The Gales Point Wildlife Sanctuary is in the Belize District approximately 23.7 southwest of Belize City and 34 km north of Dangriga. The Sanctuary includes Southern Lagoon, Sapodilla Lagoon, Western Lagoon, Quashie Trap Lagoon and a portion of the Manatee river. It has a shoreline of 66-foot that is along all the lagoons and waterways except for the peninsula. The Wildlife Sanctuary covers a complex matrix of creeks, mangroves, mudflats and brackish lagoons. Both the rivers and creeks drains into the lagoon from the west. The lagoon is also connected to the Caribbean Sea via the Bar River.

== Protection of Endangered Species ==

The primary purpose of the Sanctuary is for the protection of the Endangered Antillean manatees. The regionally endemic Central American river turtle and the Goliath grouper are two other species of conservation interest within the Sanctuary as they are both critically endangered. Just outside the sanctuary is another focal point of conservation interest on the sand bar facing the Caribbean Sea for the critically endangered Sea turtle Hawksbill turtle, Green turtle and Loggerhead turtle nest here each year. This area has been recognized as one of the most important nesting beaches within the wider Caribbean.

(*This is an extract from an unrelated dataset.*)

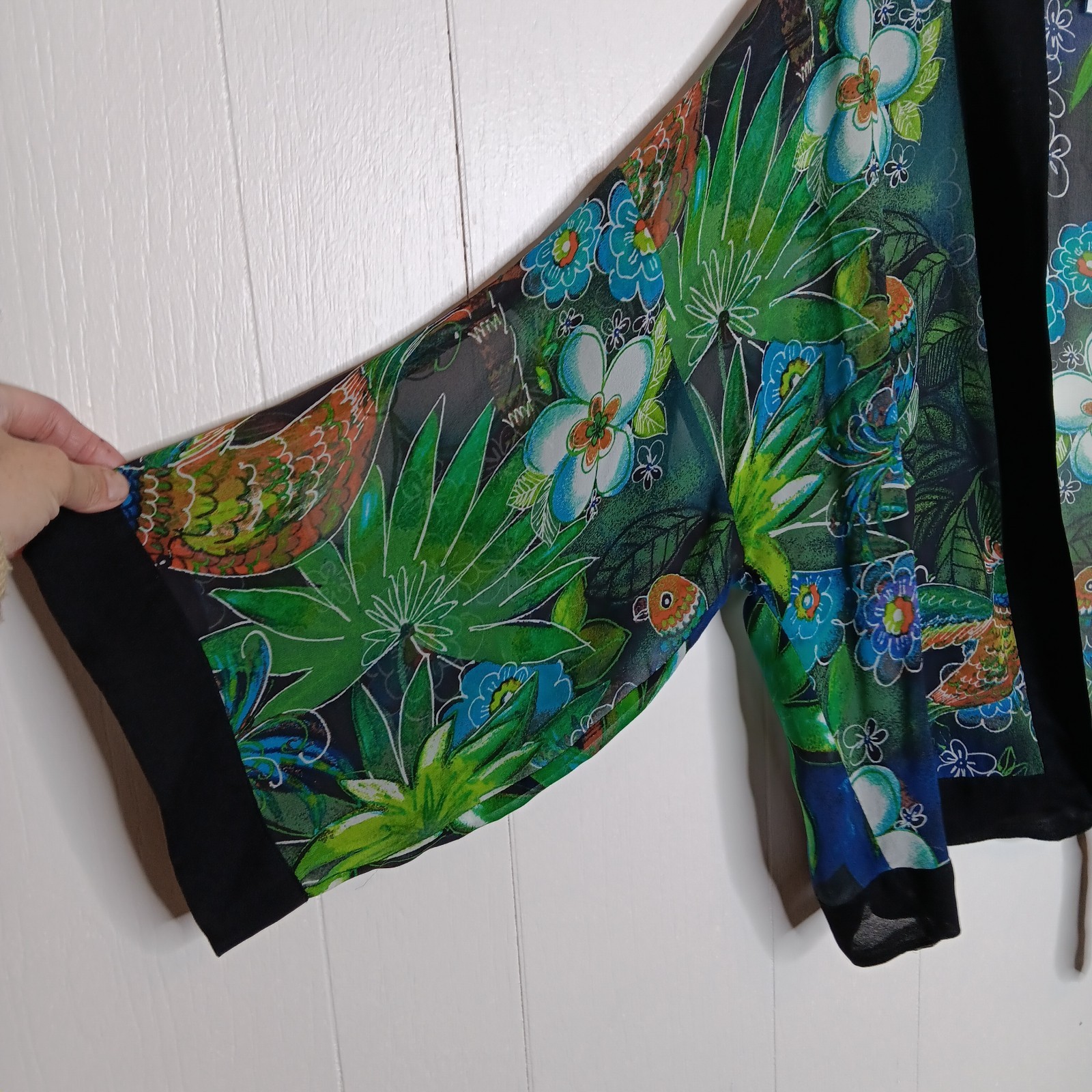 Chico’s Kimono Size S Multicolor Bird Tropical Tie-Front 100% Silk Luxury Resort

== Species in the Sanctuary ==

The Sanctuary has a diverse array of species including fish, mammal, reptile and bird population. There are 26 species of international concern within the Sanctuary and the 66-foot buffer vegetation on the edge of the lagoon. The water opossum, Yucatán howler monkey, Morlet's crocodile, American salt water crocodile, Baird's tapir, Neotropical river otter, cownose ray and the Cubera snapper can be found within or around the sanctuary. They are also 330 species of birds, including the yellow-headed parrot, the great curassow, and the jabiru stork can be seen. Several other species can be found just outside the protected are such as the jaguar, puma, margay, ocelot, jaguarundi and the Central American spider monkey.